Problem to work on » Only one portion of the data is to be written out: from the line bearing "герыч Заводоуковск" through the line bearing "Drama drama professional". Write it exactly as it appears.

====== Data to examine

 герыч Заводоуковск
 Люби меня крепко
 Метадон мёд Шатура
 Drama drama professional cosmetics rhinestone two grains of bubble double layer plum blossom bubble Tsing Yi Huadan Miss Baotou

============
====== Data to examine

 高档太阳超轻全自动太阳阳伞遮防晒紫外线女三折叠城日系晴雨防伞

============
====== Data to examine

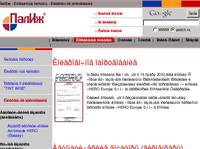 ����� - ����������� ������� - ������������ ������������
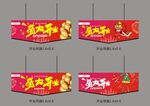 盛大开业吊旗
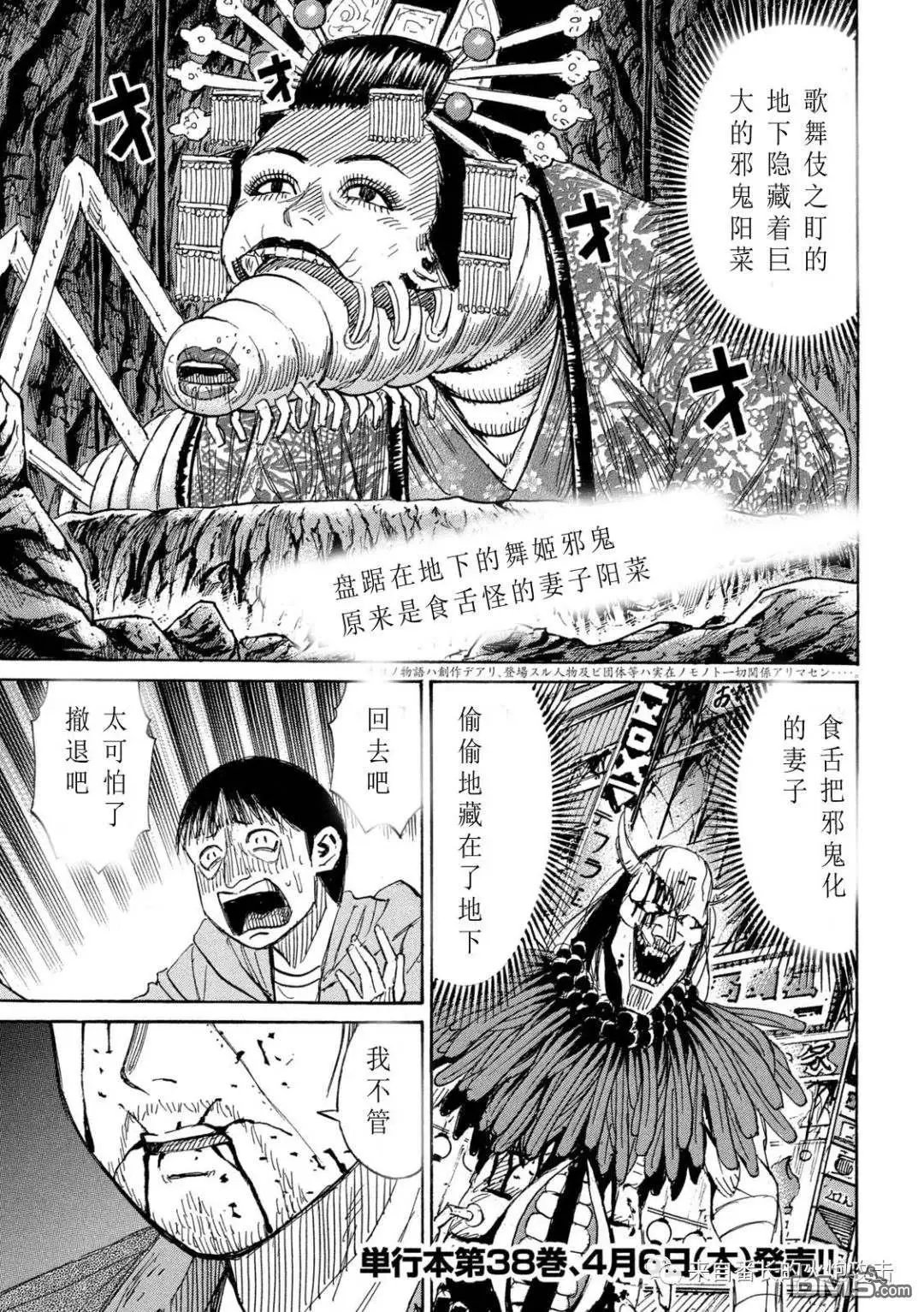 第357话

============

Solution to the problem »
 герыч Заводоуковск
 Люби меня крепко
 Метадон мёд Шатура
 Drama drama professional cosmetics rhinestone two grains of bubble double layer plum blossom bubble Tsing Yi Huadan Miss Baotou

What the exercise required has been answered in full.